■ **Problem to work on**: Each line below must be reproduced exactly as it stands. Pictures stay out of the copy.

■ **Supplied data**:
● ● ● ●

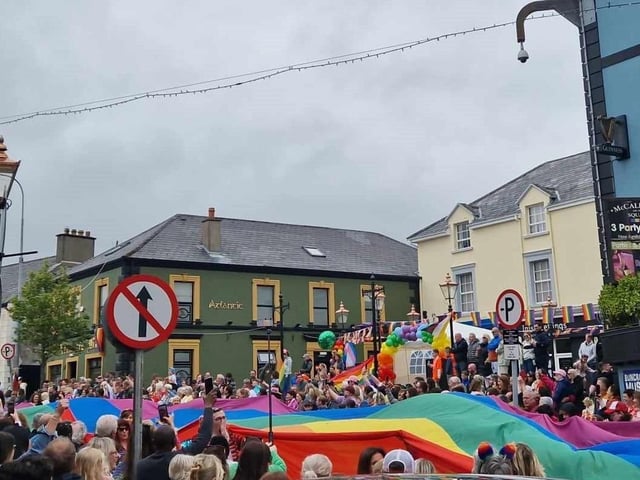Inishowen Pride Parade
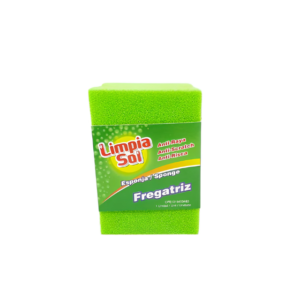 Limpia Sol Esponja Fregatriz Anti-Raya 1 Und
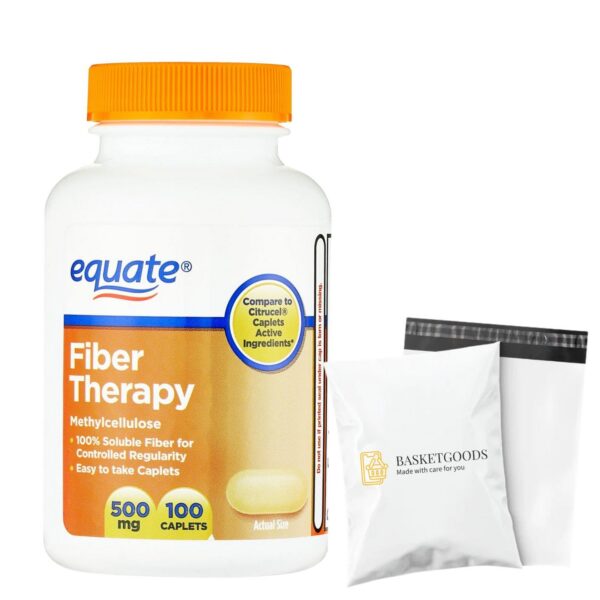 Version 1.0.0 Frasco Fiber Therapy Metilcelulosa 500mg 100 cápsulas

● ● ● ●

■ **Answer to this problem**:
Inishowen Pride Parade
 Limpia Sol Esponja Fregatriz Anti-Raya 1 Und
 Version 1.0.0 Frasco Fiber Therapy Metilcelulosa 500mg 100 cápsulas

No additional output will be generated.